◆ YOUR ASSIGNMENT: From the line containing "San Sebastian, Playa" to the final line of the entries, copy each line exactly. Pictures stay out.

== Segment start ==

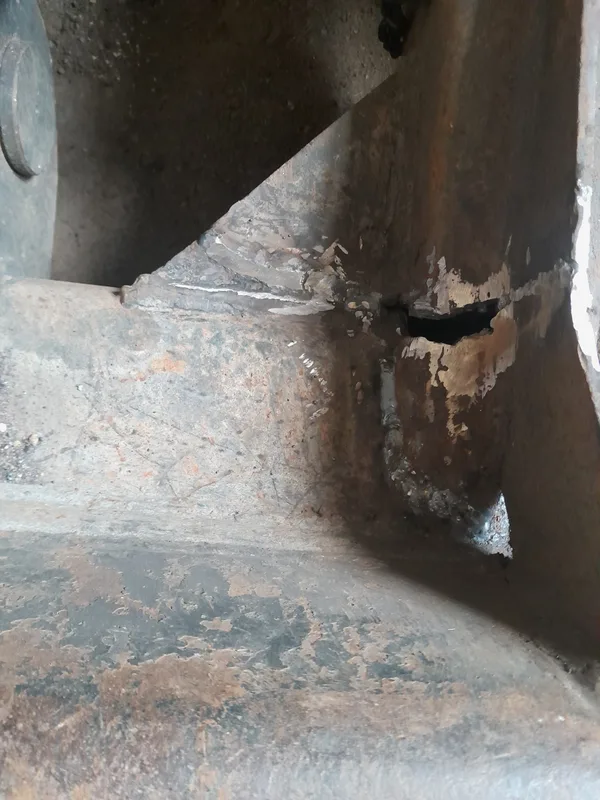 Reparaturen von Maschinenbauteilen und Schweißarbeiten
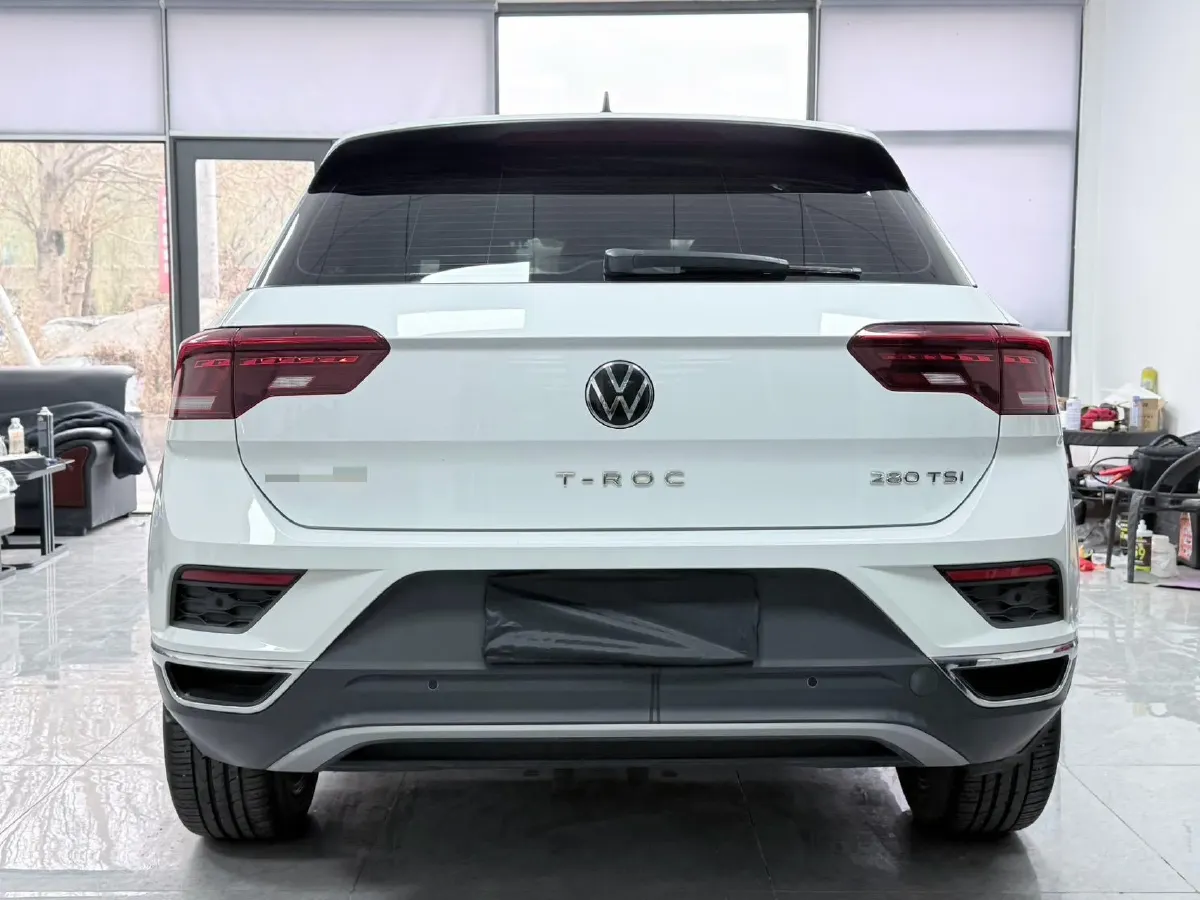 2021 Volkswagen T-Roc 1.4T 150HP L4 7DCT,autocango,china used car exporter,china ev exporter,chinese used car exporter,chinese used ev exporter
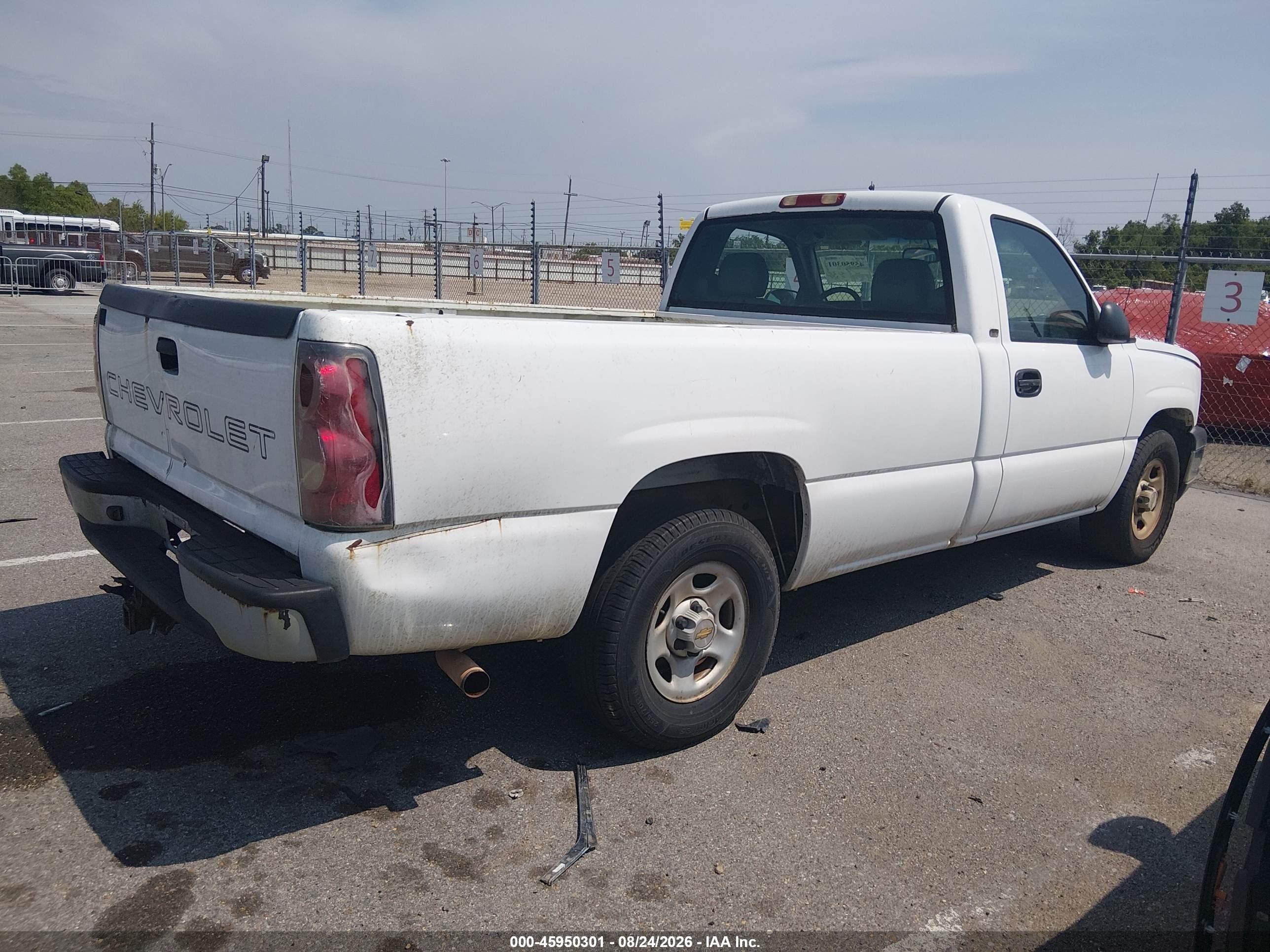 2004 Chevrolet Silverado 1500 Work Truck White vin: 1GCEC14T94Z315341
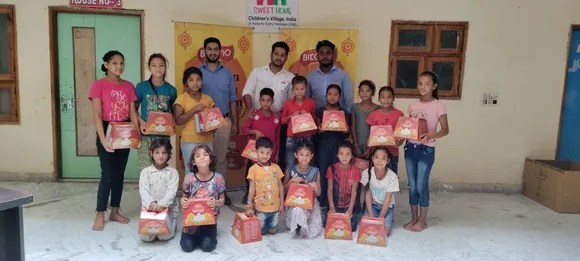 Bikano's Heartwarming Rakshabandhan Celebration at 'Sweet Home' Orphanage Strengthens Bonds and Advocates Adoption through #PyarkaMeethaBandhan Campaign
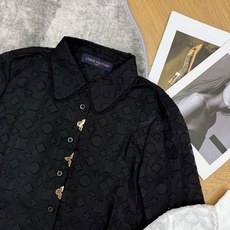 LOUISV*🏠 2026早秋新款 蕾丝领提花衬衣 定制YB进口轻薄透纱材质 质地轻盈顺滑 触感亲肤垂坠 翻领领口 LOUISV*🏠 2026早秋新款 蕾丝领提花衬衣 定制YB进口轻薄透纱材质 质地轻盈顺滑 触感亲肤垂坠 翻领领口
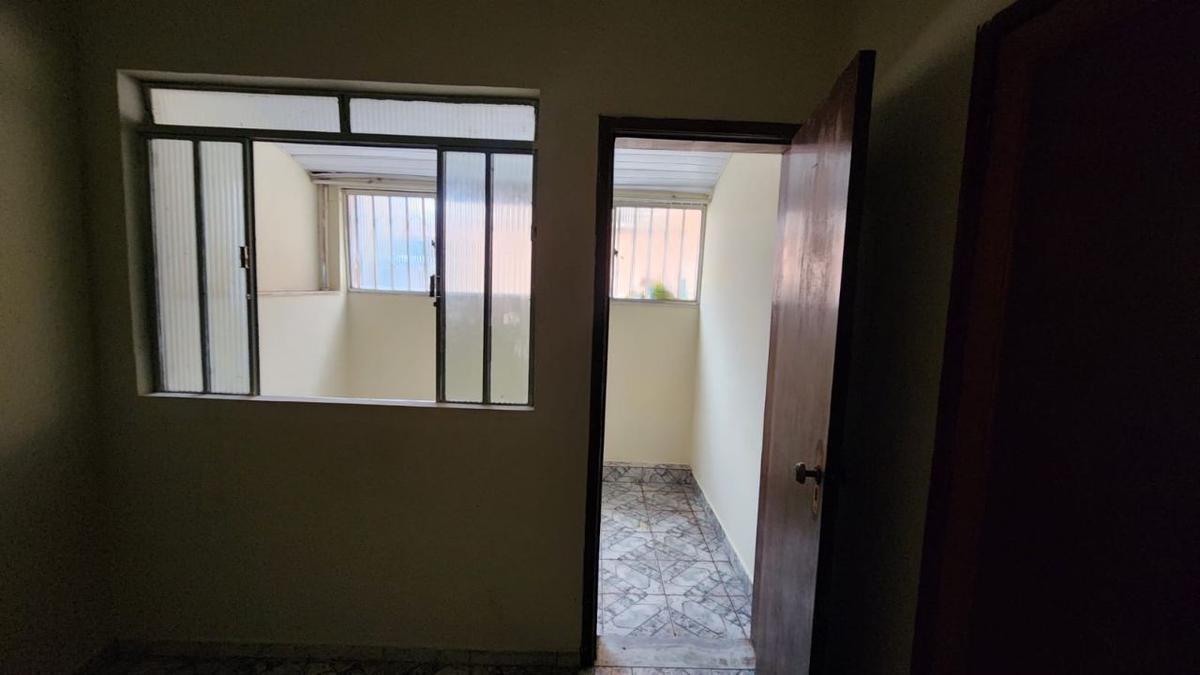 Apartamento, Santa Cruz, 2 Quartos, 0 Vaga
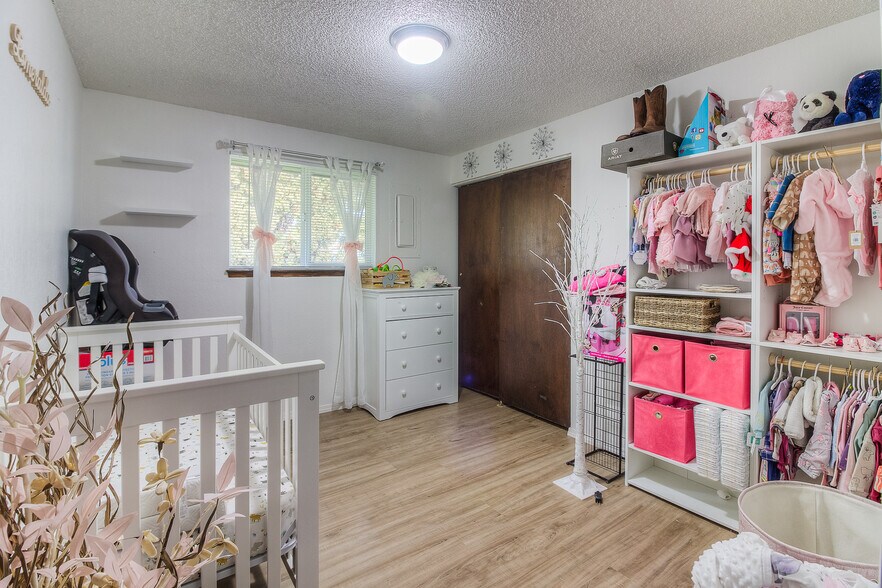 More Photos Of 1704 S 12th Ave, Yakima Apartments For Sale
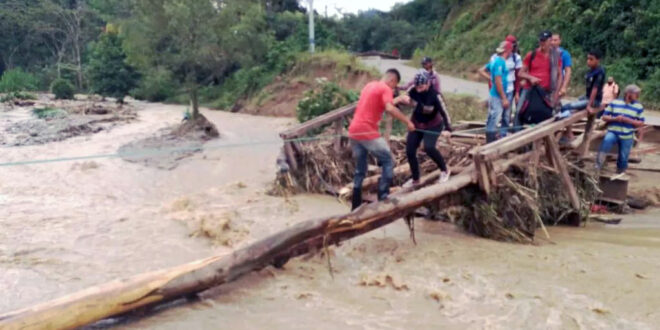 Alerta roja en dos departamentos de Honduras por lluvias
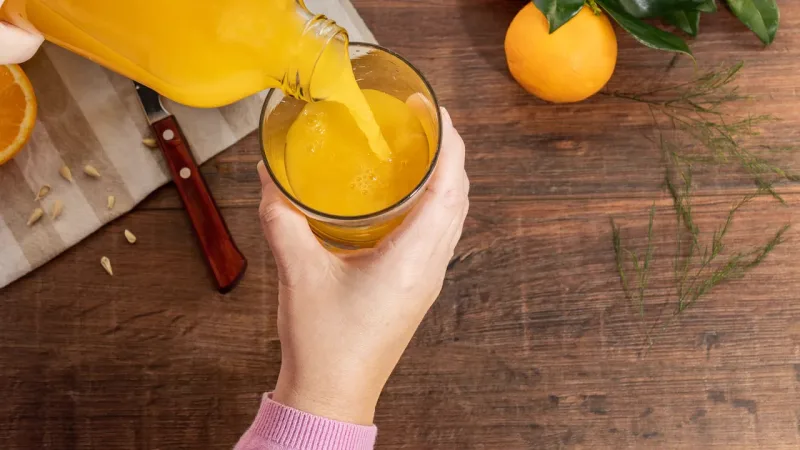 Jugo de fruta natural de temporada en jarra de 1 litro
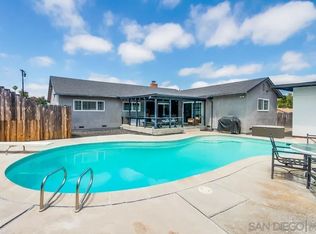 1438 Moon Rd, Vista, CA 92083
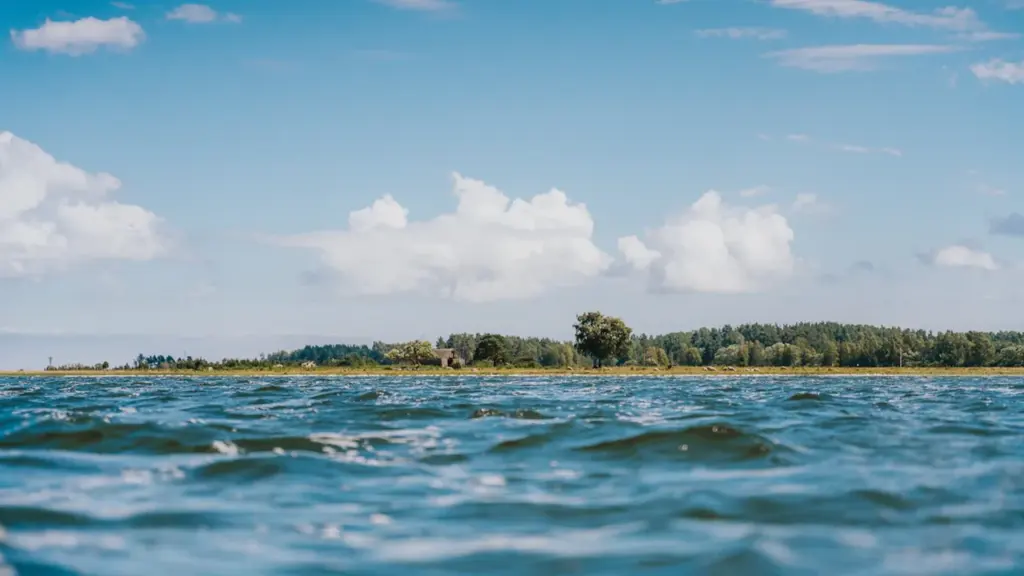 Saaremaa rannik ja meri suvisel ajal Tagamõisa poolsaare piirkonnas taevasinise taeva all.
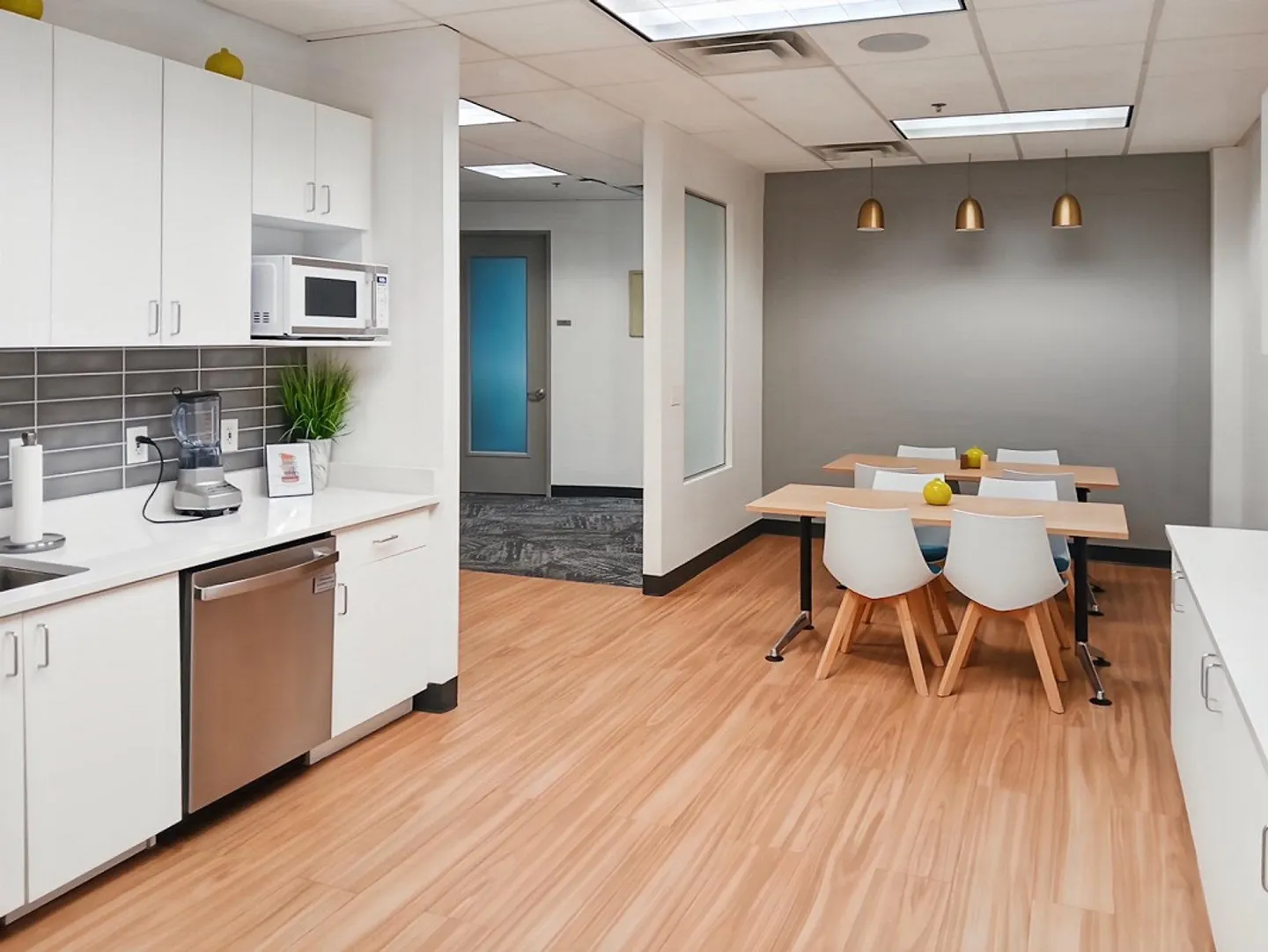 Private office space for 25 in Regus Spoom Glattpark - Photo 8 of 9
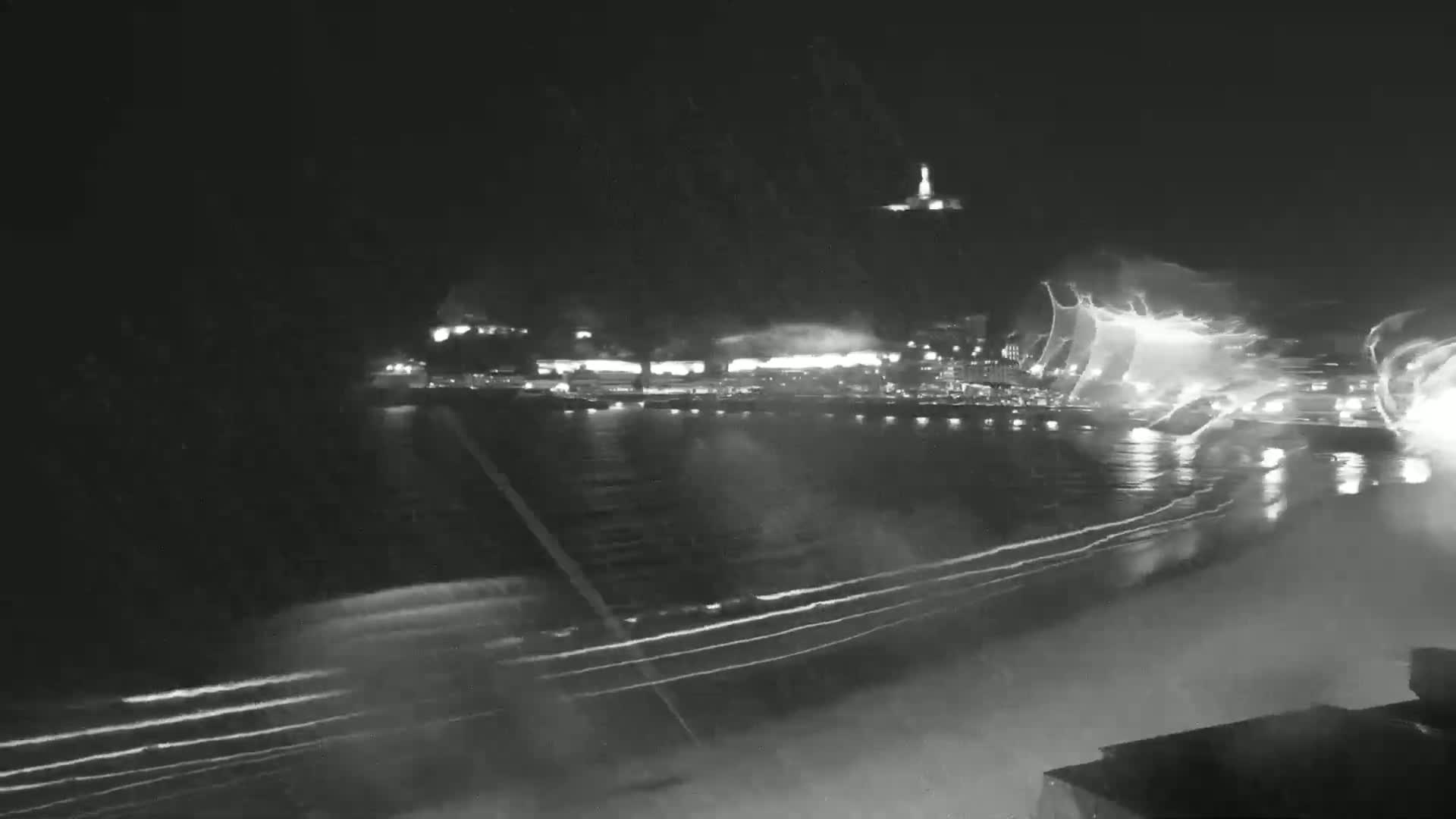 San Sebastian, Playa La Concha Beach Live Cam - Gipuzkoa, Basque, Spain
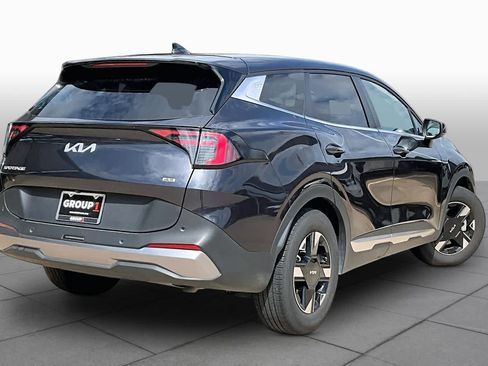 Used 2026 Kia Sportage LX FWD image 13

== Segment end ==

◆ TASK RESPONSE:
 San Sebastian, Playa La Concha Beach Live Cam - Gipuzkoa, Basque, Spain
 Used 2026 Kia Sportage LX FWD image 13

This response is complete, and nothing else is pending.